[Supplied material — start]

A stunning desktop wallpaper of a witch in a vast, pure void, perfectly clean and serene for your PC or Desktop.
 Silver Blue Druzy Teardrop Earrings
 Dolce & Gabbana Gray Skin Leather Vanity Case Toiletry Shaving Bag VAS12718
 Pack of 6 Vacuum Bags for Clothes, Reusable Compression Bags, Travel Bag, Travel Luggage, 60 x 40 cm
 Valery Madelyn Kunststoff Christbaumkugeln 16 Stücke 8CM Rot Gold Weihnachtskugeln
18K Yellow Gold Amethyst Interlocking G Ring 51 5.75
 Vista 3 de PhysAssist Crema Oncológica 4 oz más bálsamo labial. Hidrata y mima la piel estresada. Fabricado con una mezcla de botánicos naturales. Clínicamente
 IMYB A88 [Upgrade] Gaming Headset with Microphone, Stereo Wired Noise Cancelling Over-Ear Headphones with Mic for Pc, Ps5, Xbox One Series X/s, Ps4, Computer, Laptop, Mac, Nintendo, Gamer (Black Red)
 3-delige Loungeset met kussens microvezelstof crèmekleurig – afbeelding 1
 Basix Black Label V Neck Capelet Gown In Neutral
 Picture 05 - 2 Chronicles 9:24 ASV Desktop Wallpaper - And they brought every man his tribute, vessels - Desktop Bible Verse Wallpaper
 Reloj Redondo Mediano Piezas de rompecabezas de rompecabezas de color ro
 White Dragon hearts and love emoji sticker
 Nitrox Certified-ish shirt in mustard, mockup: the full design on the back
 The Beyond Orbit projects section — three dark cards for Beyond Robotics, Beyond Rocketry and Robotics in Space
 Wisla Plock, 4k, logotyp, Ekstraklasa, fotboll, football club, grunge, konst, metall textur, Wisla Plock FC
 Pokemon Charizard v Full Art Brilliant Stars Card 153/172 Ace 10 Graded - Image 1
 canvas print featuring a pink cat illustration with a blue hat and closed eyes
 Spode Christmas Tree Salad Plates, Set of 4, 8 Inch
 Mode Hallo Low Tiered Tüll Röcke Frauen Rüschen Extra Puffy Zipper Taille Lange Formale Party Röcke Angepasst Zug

[Supplied material — finish]

**Task objective:**
Please, from the entries above, set down exactly the lines from the one containing "Picture 05 - 2" through the one containing "The Beyond Orbit", and only those.

**Task solution:**
 Picture 05 - 2 Chronicles 9:24 ASV Desktop Wallpaper - And they brought every man his tribute, vessels - Desktop Bible Verse Wallpaper
 Reloj Redondo Mediano Piezas de rompecabezas de rompecabezas de color ro
 White Dragon hearts and love emoji sticker
 Nitrox Certified-ish shirt in mustard, mockup: the full design on the back
 The Beyond Orbit projects section — three dark cards for Beyond Robotics, Beyond Rocketry and Robotics in Space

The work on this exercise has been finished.